Do you like proving people wrong?

“No. I have an aptitude for risk. If you have a background in financial markets you develop that; controlled risk. Risk and return are both sides of the coin in the financial business. It applies in life the same way.

“If you don’t push yourself and go out and try to do something a little different you are not going to push the boundaries of what you can do. It has been an enormous privilege to be in the position to be able to be involved first as an owner, then a jockey and latterly as a trainer to the degree that I am. I never had a grand plan mapped out that said I was going to do X, Y and Z; It just evolved at various stages of my life.

“I missed the buzz when I retired from riding which put the seed of the idea of training in my head.”

Do people consider you unorthodox?

“No, I wouldn’t use that word either! I would say I am fairly driven. My business life has allowed me to get a lot more involved in my passion which is racing. It has been a process and one thing has led to another. If I do something I want to do it really well and to the best of my ability. There are no half measures.

“I am really proud of the training entity. We have about 25 horses, mostly mine but one or two friends and family. We have amassed a fantastic team of people.

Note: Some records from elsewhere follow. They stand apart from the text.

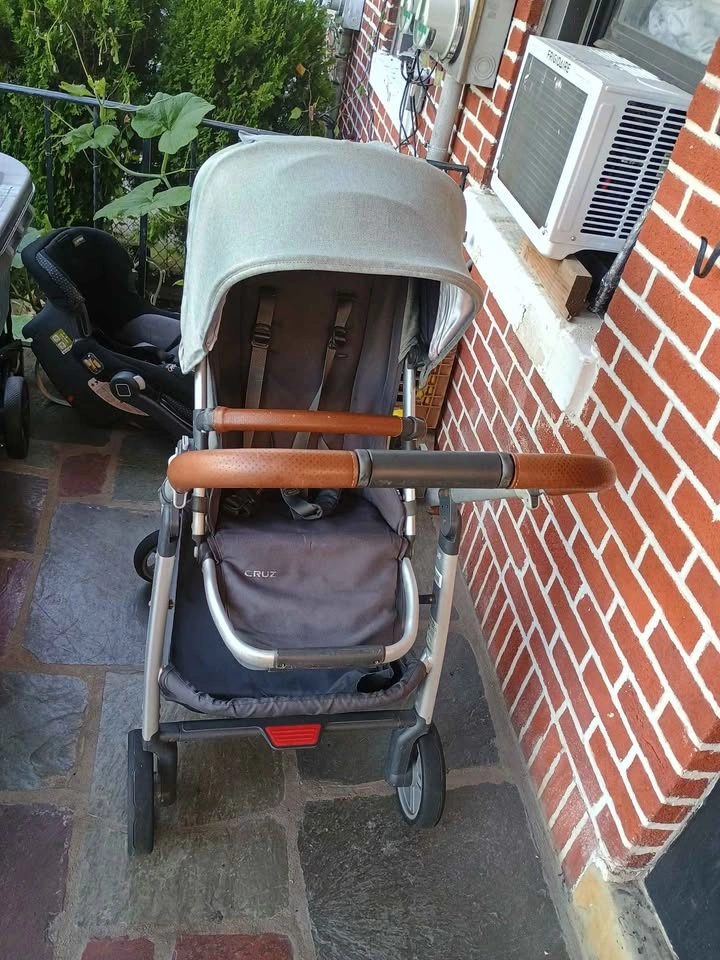 UPPAbaby Cruz Stroller - photo 3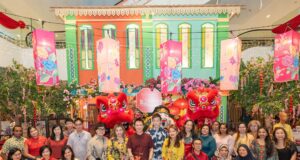 HERITAGE IN BLOOM at INTERMARK MALL CELEBRATES CNY 2026 THE YEAR OF THE HORSE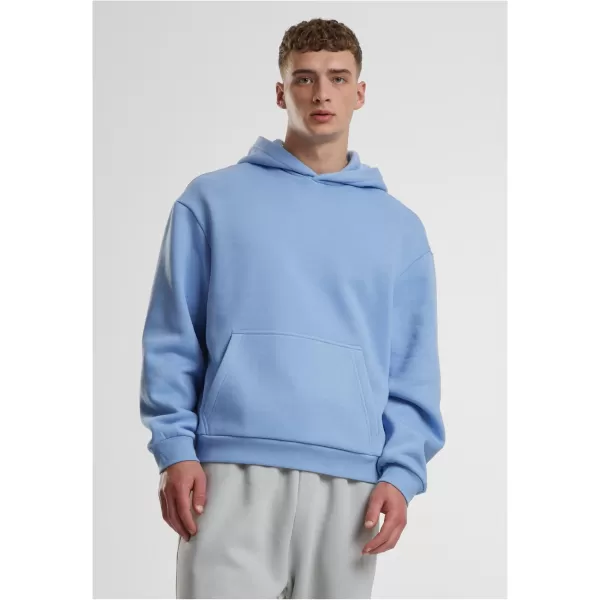  Moški pulover URBAN CLASSICS TB6750 PUDRASTO MODRA 
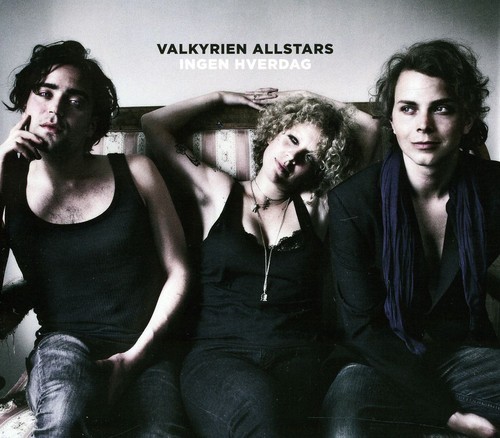 Valkyrien Allstars - Ingen Hverdag in der Gruppe CD / Jazz/Blues bei Bengans Skivbutik AB (3757681)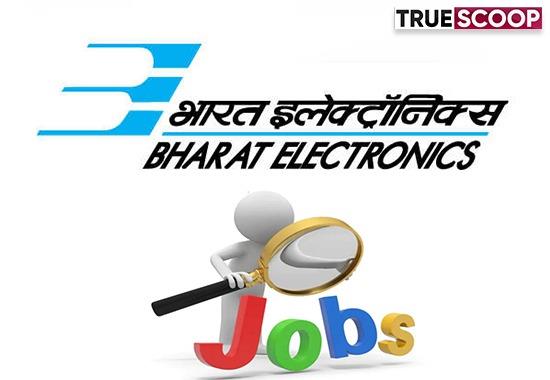 Bharat-Electronics-Limited Bharat-Electronic-Limited-jobs Engineering-Assistant-Trainee-Jobs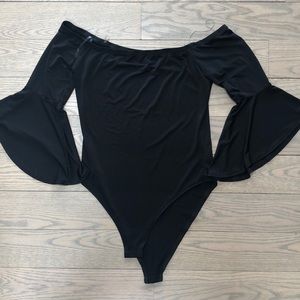 Never wore Tobi Leotard!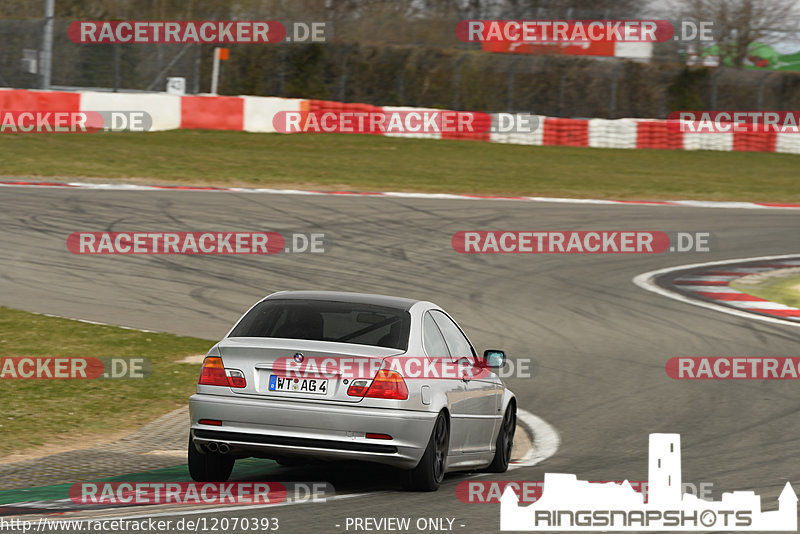 Bild #12070393 - Touristenfahrten Nürburgring GP-Strecke (04.04.2021)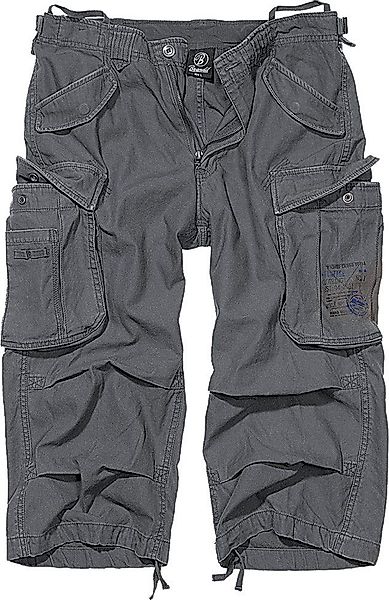 Brandit Shorts Industry Vintage 3/4 Shorts günstig online kaufen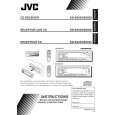 JVC KD-SX939J Owners Manual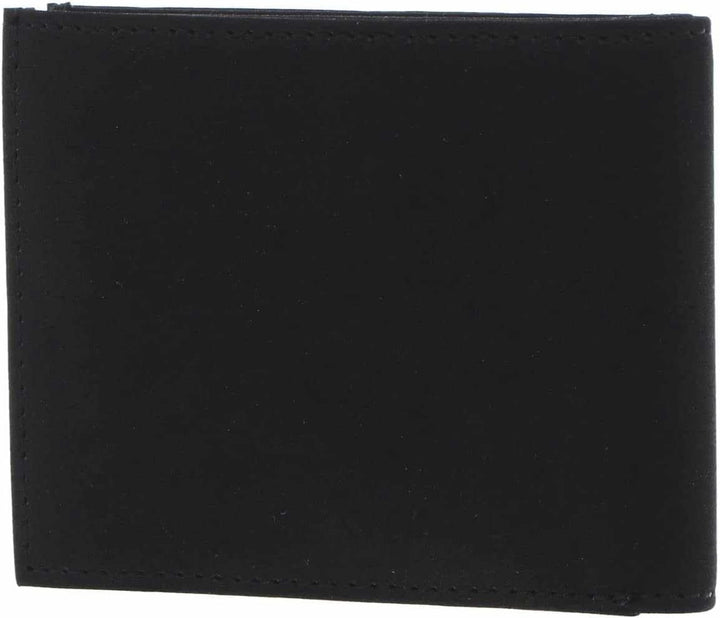 Oxmox New Cryptan - Geldbörse 2cc 10 cm RFID black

“I don’t want to get too big. We have a boutique operation and are able to give one on one attention to all our horses. We give them the time we need. That is something that sets us apart from a lot of other bigger trainers. We are not a big factory unit.

“We tend to buy horses from the store sales as three year olds. A lot of them won’t run for maybe three years. They are big units and they all develop at different rates. I have seen over the years careers of horses which have been compromised by them being rushed and getting them to run too early. National Hunt horses don’t develop until six or seven. You need to develop their core fitness.

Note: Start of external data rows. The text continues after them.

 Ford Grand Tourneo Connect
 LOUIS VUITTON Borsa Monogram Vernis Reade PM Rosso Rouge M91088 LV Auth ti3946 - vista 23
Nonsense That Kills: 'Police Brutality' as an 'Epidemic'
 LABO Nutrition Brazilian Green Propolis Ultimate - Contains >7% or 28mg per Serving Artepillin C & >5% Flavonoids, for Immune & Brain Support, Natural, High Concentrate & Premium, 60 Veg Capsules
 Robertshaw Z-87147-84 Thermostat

“We are very focussed on the horses as individuals. When they are five or six and we think they’re ready to rock and roll we head off with them on their careers.

“We have very experienced riders who know when we can go forward with the horse or when we need to take a break with them. They can tell if a horse isn’t quite right and we get the vets in and what you can end up finding is that the horse has a little hairline fracture of his pelvis or something that is relatively minor once it is picked up early. But if we hadn’t got that quality of riders and if we were just in too much of a hurry to get on with things, that horse would continue to ride out and within three weeks you could have a catastrophic injury on your hands.

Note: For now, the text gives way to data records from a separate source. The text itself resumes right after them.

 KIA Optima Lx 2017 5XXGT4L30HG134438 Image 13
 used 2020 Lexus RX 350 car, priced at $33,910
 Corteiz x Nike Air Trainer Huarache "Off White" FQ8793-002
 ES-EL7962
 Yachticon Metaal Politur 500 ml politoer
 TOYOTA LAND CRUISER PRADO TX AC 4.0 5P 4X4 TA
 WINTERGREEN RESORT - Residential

“We haven’t got the resources where we are able to bring in a new batch of horses every year. So we are trying to make careers for these horses where they can have longevity. That is one of the upsides of largely training for myself. We are going to give horses the time they need.”

Celebrity owners doing well like Grame McDowell the golfer is a good story for racing isn’t it?

“Yes, anything to raise the profile. James Nesbitt the actor was involved in Riverside Theatre with Nicky Henderson. It is a hook for terrestrial television.

“We have had a few of the rugby guys involved in horses here like Ronan O’Gara who had a few.”